A Fortnightly Review.

 

The Step Is the Foot: Dance and its relationship to poetry.
by Anthony Howell (Grey Suit Editions) 2019

By ALAN PRICE.

Notes and CommentTHIS IS A fascinating book. This is a frustrating book. An absorbing read. A maddening read. Perceptive and insightful. But opaque and meandering. In short, it’s a book I ended up loving and yet despairing of. Yet what is irrefutable about The Step is the Foot is the authority of Anthony Howell’s vision of dance and poetry. A lifetime of experience as a poet, teacher and innovative dancer has been documented. This is not a work of academic scrutiny (Although it’s scholarly in a wayward manner) but a project of physical practice and theoretical speculation: what works and what fails in any collaboration of dance and poetry. And more than that, The Step Is the Foot bravely attempts to decipher the body and mind as it tries to keep in step with one another, in time to words and actions.

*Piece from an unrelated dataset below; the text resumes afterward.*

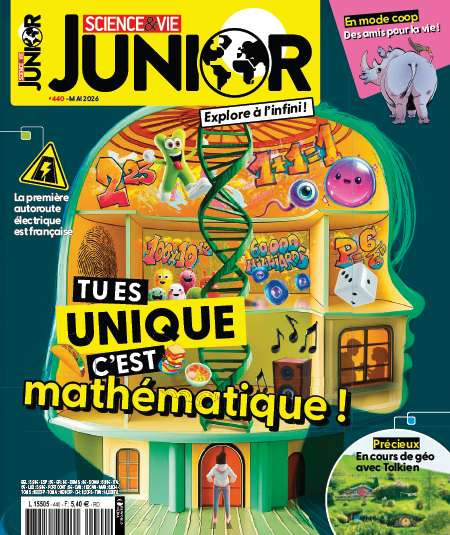 SCIENCE ET VIE JUNIOR 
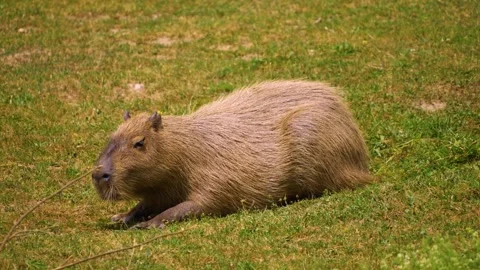 Close view of a Capybara Stock Footage 254123275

In the opening chapter, titled “The Gait of the Lizard”, Howell explores what we mean by walking and talking:

Everything about the acquisition of these two skills suggests an affinity between them. Perhaps there is more than an affinity, perhaps there is a primordial connection. It’s this notion of a connection, even a fusion, of step and expression that intrigues me. And in order to explore the relationship between them it will be necessary to overlay two specialised fields – that of poetry and dance. Perhaps this will generate a new arena, but as we shall see, it is also a very old one of the aloni – the threshing floor – where the chorus first stepped in time to the words they recited – or vice versa.”

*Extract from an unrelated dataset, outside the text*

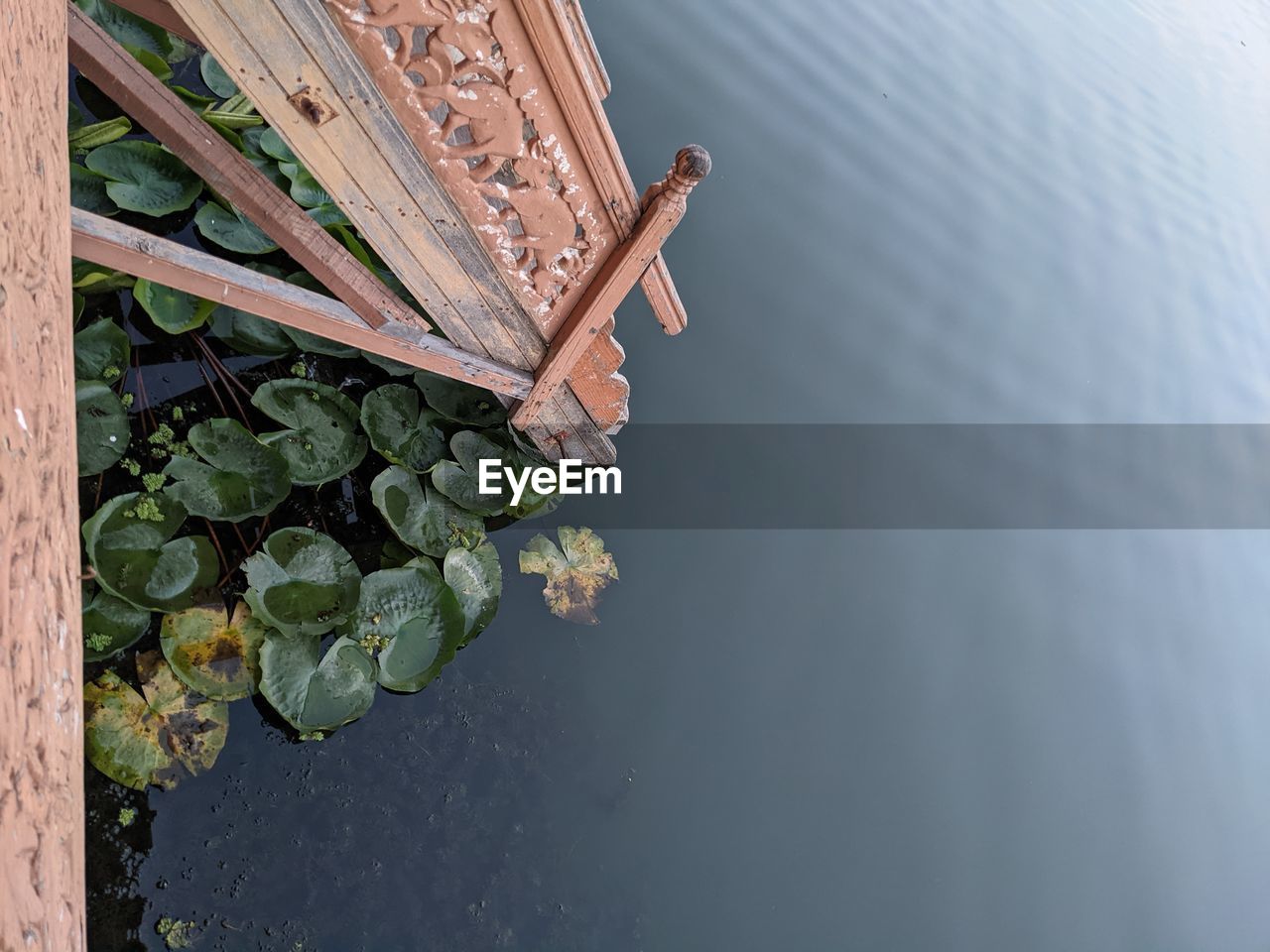 HIGH ANGLE VIEW OF WATER LILY IN LAKE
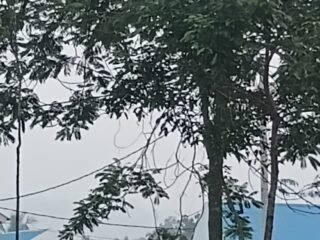 Kabut Asap Kembali Selimuti Kota Padang, Warga Diimbau Waspada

“The threshing floor” is a potent image signifying the separating of the grain from the chaff discovering what’s edible (workable) and worth storing (remembering.) Now threshing (or editing) is what most good artists, poets and dancers do. Poetry, initially an oral tradition followed by dance, in Ancient Greek theatre, makes possible so much of our art today (I recently watched again Wim Wenders’s film Pina, about Pina Bausch’s dance company, to appreciate what emerged from “threshing” and the fact that Werner Herzog once said that all filmmakers should first of all be poets.) Howell has only a brief reference to film in the 1960s/’70’s – an unexplored area in his book, for what about the balletic style of Chaplin or angular choreography of Bob Fosse?

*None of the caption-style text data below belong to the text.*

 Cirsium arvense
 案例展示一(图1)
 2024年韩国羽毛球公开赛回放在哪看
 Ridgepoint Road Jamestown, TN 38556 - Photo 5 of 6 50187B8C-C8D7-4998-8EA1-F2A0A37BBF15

But let’s stick with the book we have and not what it might have been included. And here Howell is most resonant on Greek and Roman Classical culture, the concept of mimesis and how the arts once aspired (still do?) to be “knitted together.” Of course twenty-first-century culture is eclectic but that eclecticism (for me and maybe for Howell) somehow lost its power of ritual and therefore daring synthesis. In dance you can be free to let things go and experiment. However tradition has had a deadening effect on poetry. Here I agree with Howell that a great deal of British poetry (post-WW2) hasn’t experimented with form, layout and typography enough. It may be free verse now – ‘liberated’ from cloying Victorian rhyming but it hardly ever frees itself to move on and across the white page. It sits or stands there when you want it to clap its hands, sing and dance.

Howell’s rich experience of working with the Royal Ballet, his involvement with performance art and teaching comes vividly through The Step Is the Foot.

Howell’s rich experience of working with the Royal Ballet, his involvement with performance art and teaching comes vividly through The Step Is the Foot. He directed a group called “The Theatre of Mistakes” and was very influenced by Bruce Chatwin’s Song Lines – a description of the ancient tracks in Australia:

(It) strongly reinforced an interest in walking as fundamental both to the human condition and to the generation of poetry.”

It was the autobiographical element of The Step Is the Foot that I found most persuasive. You read of earlier decades when cultural boundaries and political freedoms were not so rigidly set. As a contemporary of Howell I appreciated this Apollonian/Dynosian cusp of risk and adventure that we once took for granted.

The most popular manifestation of this was the dancing of Mick Jagger (a Howell favourite.) His gyrations proclaimed an anarchic individuality to which we gave our sensual consent. Yet what matters to Howell (and to me) is a sense of focus and discipline, being aware of a violent muddle of creative choices and decisions.

The difficulty facing any poet is how to steer a distinctive course. Poetry is not a genre in itself. Each poet must invent a genre within the wide “plurality” in the new century, with the synthesis of Apollo and Dionysus, to become tolerant of all movements. Still it is hardly wise to make oneself an all-inclusive omelette of all trends. A painter knows that to mix too many colours together results in dullness. Perhaps, though, it is courtesy to refrain from overt hostility to what one cannot see.”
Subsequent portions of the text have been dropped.